HealthDay reported Oct. 16 that 43 percent of adults with depression are obese, as are 55 percent of individuals taking antidepressant medication. Though no cause-and-effect relationship is shown in the research from the U.S. National Center for Health Statistics, the data shows that obesity increases alongside the severity of depression.
“Both depression and obesity impact many aspects of life, and their relationship is naturally complex,” noted Tony Tang, an adjunct professor in the department of psychology at the University of Pennsylvania. “Some of the connections are obvious: Obesity can cause low self-esteem, social isolation and stressful health problems. All of them can cause depression. Depression can lead some patients to binge eat and get obese.”
“Living a healthier lifestyle, eating healthy food, drinking only moderately, spending less time on TV and on the Internet, and spending more time exercising can help prevent both depression and obesity,” added Tang.
The effectiveness of the medications you take could be influenced by your diet.
Medical News Today reported Oct. 20 that a study found that antidepressant drugs seemed to work better among people who ate a diet high in fatty fish. The findings is especially noteworthy because 42 percent of people who receive SSRI-class drugs for depression report that they have no effect.
Researchers found that patients who did not respond well to SSRI drugs were more likely to have abnormal metabolism of fatty acids.

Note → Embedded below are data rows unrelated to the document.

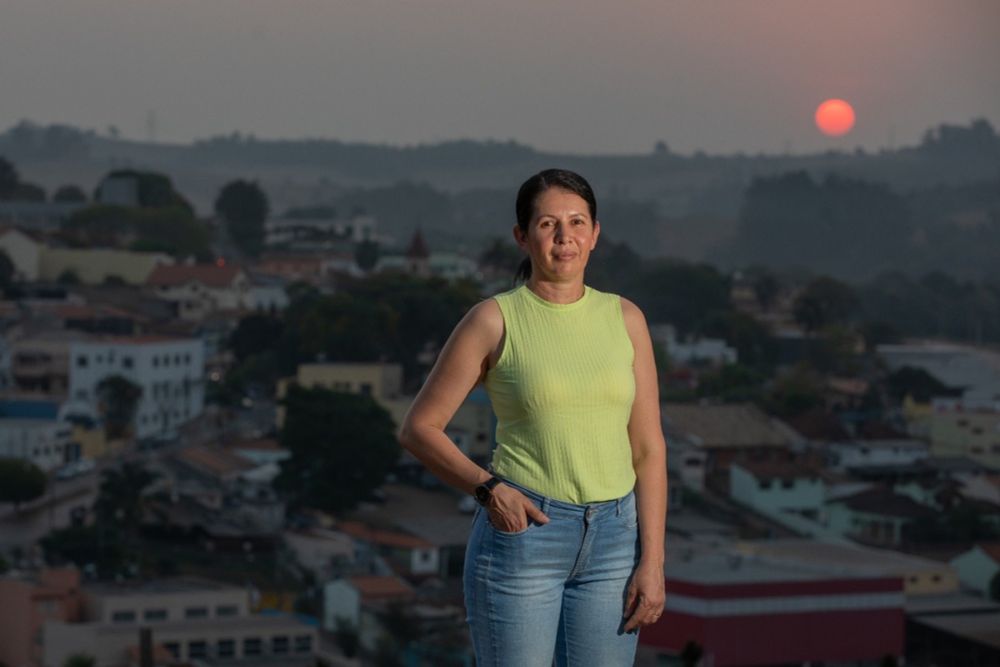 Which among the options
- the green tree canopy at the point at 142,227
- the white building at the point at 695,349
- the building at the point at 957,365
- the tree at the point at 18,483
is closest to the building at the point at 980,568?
the tree at the point at 18,483

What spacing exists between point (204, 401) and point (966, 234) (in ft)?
117

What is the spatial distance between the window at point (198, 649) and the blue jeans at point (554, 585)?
8189 mm

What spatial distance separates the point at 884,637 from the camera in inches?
419

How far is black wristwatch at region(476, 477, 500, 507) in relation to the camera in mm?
1359

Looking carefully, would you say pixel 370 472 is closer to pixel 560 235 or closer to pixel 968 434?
pixel 968 434

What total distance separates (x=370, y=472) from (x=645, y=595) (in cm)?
1419

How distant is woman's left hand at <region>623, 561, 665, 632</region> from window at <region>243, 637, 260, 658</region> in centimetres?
820

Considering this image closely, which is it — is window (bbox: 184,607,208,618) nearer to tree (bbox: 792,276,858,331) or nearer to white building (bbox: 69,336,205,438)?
white building (bbox: 69,336,205,438)

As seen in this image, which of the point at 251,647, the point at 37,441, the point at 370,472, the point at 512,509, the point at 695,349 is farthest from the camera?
the point at 695,349

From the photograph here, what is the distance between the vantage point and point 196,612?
1059 centimetres

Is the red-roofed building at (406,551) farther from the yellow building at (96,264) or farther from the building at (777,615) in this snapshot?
the yellow building at (96,264)

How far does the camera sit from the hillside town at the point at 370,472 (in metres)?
10.4

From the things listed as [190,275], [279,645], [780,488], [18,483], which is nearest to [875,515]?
[780,488]

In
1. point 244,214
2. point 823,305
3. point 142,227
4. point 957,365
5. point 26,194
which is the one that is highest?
point 26,194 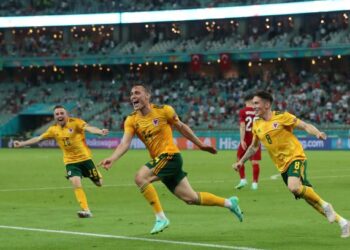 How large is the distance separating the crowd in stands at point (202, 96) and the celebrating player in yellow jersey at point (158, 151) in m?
Result: 48.0

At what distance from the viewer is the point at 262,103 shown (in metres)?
13.4

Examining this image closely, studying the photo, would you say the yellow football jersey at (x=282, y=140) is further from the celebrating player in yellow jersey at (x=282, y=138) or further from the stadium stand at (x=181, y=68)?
the stadium stand at (x=181, y=68)

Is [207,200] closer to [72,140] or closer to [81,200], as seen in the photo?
[81,200]

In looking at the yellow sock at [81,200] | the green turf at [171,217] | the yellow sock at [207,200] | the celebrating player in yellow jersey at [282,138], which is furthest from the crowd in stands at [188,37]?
the yellow sock at [207,200]

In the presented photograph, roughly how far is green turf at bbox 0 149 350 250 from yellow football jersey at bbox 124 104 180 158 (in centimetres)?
130

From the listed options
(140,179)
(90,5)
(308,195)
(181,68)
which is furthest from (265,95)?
(90,5)

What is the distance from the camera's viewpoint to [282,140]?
13305 millimetres

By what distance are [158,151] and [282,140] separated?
1.86 meters

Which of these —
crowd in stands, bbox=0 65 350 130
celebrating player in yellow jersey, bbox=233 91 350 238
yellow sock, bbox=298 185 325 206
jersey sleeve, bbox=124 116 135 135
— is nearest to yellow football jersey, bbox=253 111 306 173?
celebrating player in yellow jersey, bbox=233 91 350 238

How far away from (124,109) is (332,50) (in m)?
17.7

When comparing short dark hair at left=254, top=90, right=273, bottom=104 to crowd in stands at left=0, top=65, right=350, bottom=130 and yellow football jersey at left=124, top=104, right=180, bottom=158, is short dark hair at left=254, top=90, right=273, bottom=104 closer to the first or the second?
yellow football jersey at left=124, top=104, right=180, bottom=158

“We were looking for biological alterations that could explain depression and antidepressant non-response, so we combined two apparently unrelated measures: metabolism of fatty acids and stress hormone regulation,” said researcher Roel Mocking of the University of Amsterdam. ”Interestingly, we saw that depressed patients had an altered metabolism of fatty acids, and that this changed metabolism was regulated in a different way by stress hormones.”